Depreciation Periods

GAAP and MACRS differ in their selection of depreciation periods. Under GAAP, companies must estimate the service life of an asset based on both physical factors and economic factors. Under MACRS, companies follow a mandated tax life on specific assets as prescribed in relevant tax codes. An asset's tax life is generally shorter than the service life, or economic life, of the asset. Based on the types of assets, tax lives can range from three to five years for small tools and office equipment to 20 years and over 30 years for plants and real estate properties.

Depreciation Methods

GAAP and MACRS mostly differ in their use of depreciation methods. Any depreciation method used under GAAP for financial reporting purposes must reflect the economic substance of a given asset's uses to ensure that depreciation charges best match economic benefits generated from the asset uses. Depreciation methods used under MACRS for tax purposes often allow accelerated depreciation expenses that help lower taxes to encourage more capital investment.
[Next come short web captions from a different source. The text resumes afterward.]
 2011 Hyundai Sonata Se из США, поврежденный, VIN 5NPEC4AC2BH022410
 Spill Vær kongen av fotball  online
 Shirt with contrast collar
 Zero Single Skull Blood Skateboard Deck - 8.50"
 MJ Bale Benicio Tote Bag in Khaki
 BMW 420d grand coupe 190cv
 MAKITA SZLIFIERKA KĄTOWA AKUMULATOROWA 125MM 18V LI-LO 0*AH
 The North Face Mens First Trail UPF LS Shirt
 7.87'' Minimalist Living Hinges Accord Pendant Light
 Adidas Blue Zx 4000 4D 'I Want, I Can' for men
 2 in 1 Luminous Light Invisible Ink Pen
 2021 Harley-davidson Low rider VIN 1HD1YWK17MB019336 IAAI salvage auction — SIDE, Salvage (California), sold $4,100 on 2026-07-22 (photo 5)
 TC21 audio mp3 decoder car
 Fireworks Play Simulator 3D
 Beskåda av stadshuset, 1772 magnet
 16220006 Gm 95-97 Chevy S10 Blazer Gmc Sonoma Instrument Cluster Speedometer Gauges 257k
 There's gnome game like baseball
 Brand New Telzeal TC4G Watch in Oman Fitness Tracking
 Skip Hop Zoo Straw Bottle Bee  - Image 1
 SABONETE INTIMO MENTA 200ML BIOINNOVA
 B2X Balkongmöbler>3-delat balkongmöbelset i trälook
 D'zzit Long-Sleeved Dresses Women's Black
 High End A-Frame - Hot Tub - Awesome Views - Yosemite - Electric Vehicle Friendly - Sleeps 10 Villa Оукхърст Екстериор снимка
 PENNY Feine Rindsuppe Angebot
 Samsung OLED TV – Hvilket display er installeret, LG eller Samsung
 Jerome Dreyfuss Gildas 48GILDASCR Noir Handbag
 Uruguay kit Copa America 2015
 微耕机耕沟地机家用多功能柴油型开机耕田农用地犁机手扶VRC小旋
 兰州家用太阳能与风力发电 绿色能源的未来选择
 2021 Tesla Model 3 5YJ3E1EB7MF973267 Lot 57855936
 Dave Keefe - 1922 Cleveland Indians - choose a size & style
Under MACRS rules, companies may use either the double-declining-balance method or the one-and-a-half-times-declining-balance method for non-real-estate assets.

Salvage Value

Using GAAP, companies often estimate a salvage value when placing an asset in service. Salvage value is the remainder of an asset's value at the time when the asset is removed from service. For financial reporting purposes, GAAP requires that salvage value be deducted from an asset's depreciation base because a salvage value doesn't contribute to the economic benefit provided by the asset. However, under MACRS, companies need not report any salvage value on assets and can use an asset's total purchase cost as depreciation base. Assigning a zero salvage value allows increased depreciation expenses and higher tax deductions.

MACRS Conventions

In addition to complying with MACRS mandates on depreciation periods, depreciation methods and salvage value, companies must also follow certain conventions when using MACRS. If an accelerated depreciation method is used, companies need to change back to the straight-line method whenever straight-line depreciation first exceeds the accelerated depreciation in a year. MACRS also uses the so-called half-year convention. Companies may allocate a half-year depreciation in the year of asset acquisition and in the year of disposition, potentially increasing the depreciation expense even if companies have bought the asset toward the end of the year or disposed of the asset at the beginning of the year.